• **The problem**
Please repeat the data exactly. Any picture in it stays out.

====================

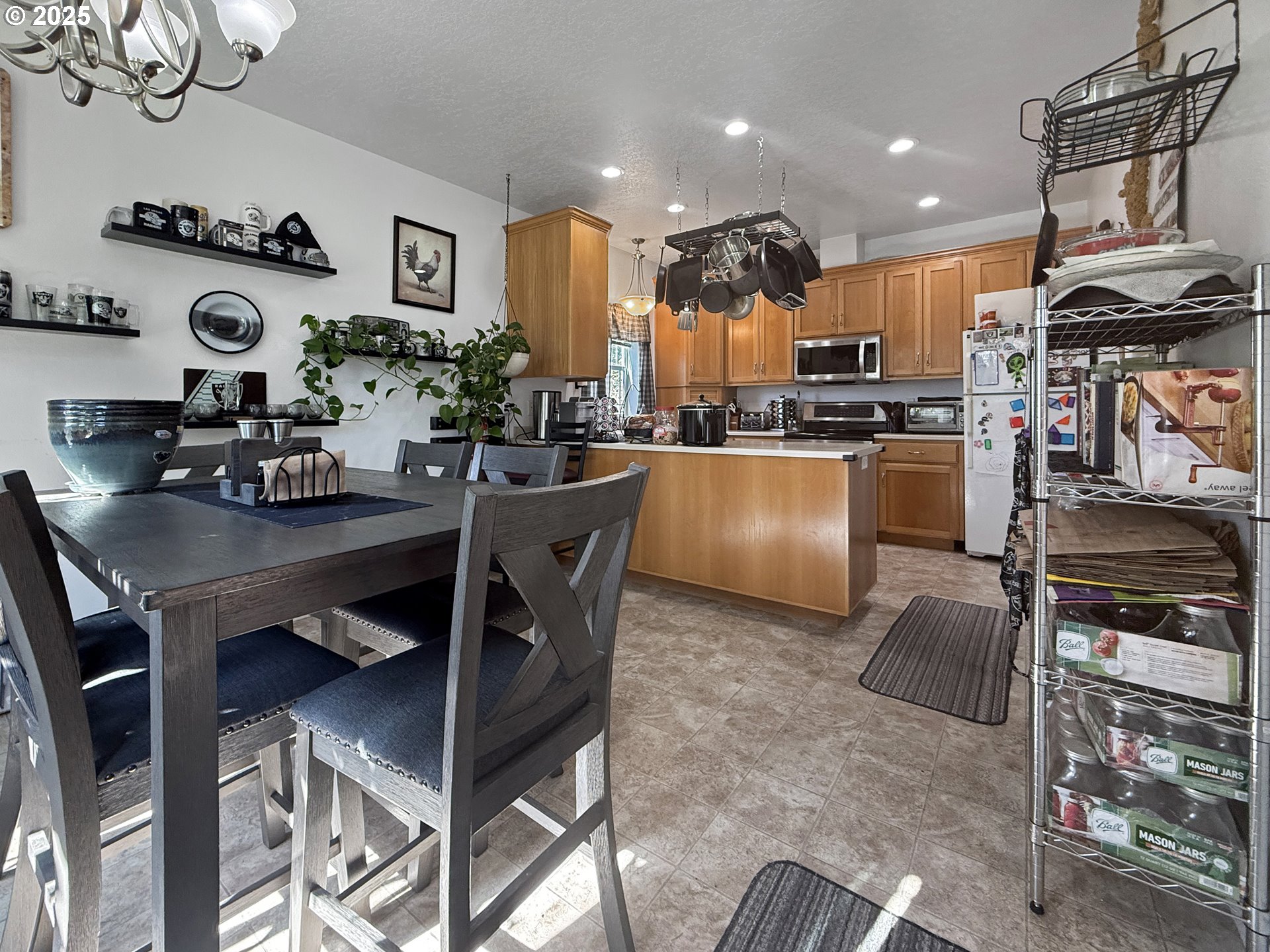731 3rd Street, Unit C / 3 Brookings, OR 97415 - Photo 20 of 42 a kitchen with stainless steel appliances granite countertop a stove top oven a sink a dining table and chairs with wooden floor
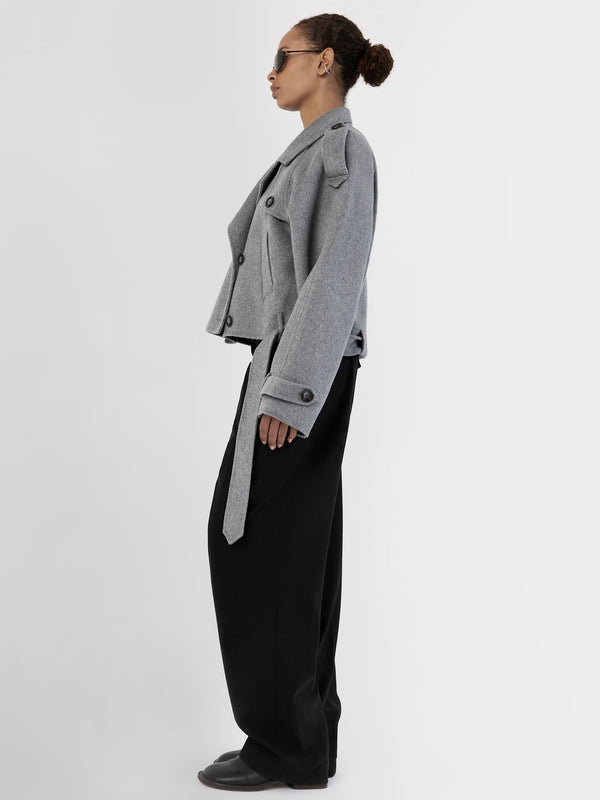 A model showcases a stylish gray cropped jacket with oversized sleeves, paired with black wide-leg pants, embodying MEOTINE's chic aesthetic.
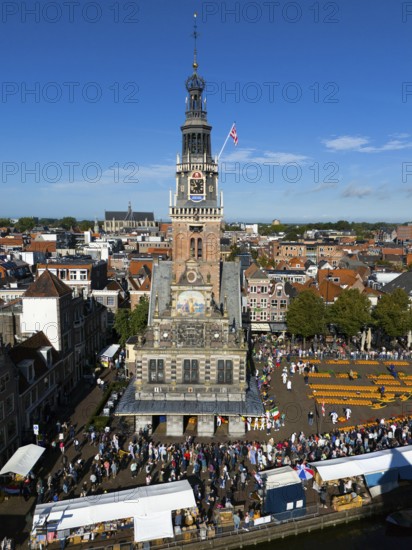 Imposing clock tower with lively market activity and market stalls in the foreground, under blue sky, aerial view, cheese, cheese market, former city scales, Alkmaar, Alkmar, Noord-Holland, North-Holland, Netherlands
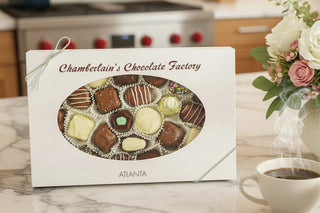 Chamberlain's Chocolate One Pound Classic Assortment Box with coffee and flowers on a marble countertop.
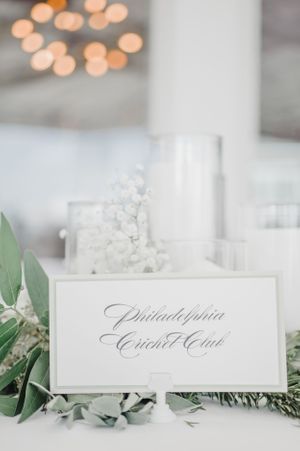 Elegant place card for Philadelphia Cricket Club with greenery accents and bokeh lighting.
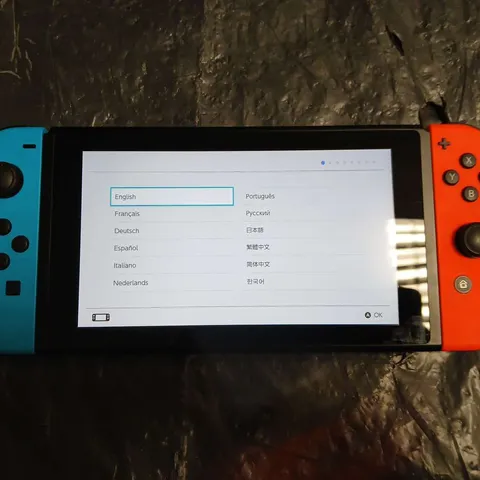 NINTENDO SWITCH CONSOLE WITH NEON RED/BLUE JOY-CONS, DOCK & ACCESSORIES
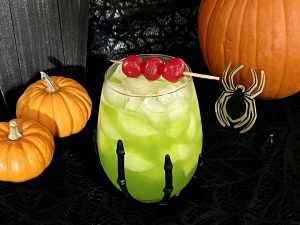 george's witches brew in a spooky wine glass with pumpkins next to it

====================

• **Completed exercise**
731 3rd Street, Unit C / 3 Brookings, OR 97415 - Photo 20 of 42 a kitchen with stainless steel appliances granite countertop a stove top oven a sink a dining table and chairs with wooden floor
 A model showcases a stylish gray cropped jacket with oversized sleeves, paired with black wide-leg pants, embodying MEOTINE's chic aesthetic.
 Imposing clock tower with lively market activity and market stalls in the foreground, under blue sky, aerial view, cheese, cheese market, former city scales, Alkmaar, Alkmar, Noord-Holland, North-Holland, Netherlands
 Chamberlain's Chocolate One Pound Classic Assortment Box with coffee and flowers on a marble countertop.
 Elegant place card for Philadelphia Cricket Club with greenery accents and bokeh lighting.
 NINTENDO SWITCH CONSOLE WITH NEON RED/BLUE JOY-CONS, DOCK & ACCESSORIES
 george's witches brew in a spooky wine glass with pumpkins next to it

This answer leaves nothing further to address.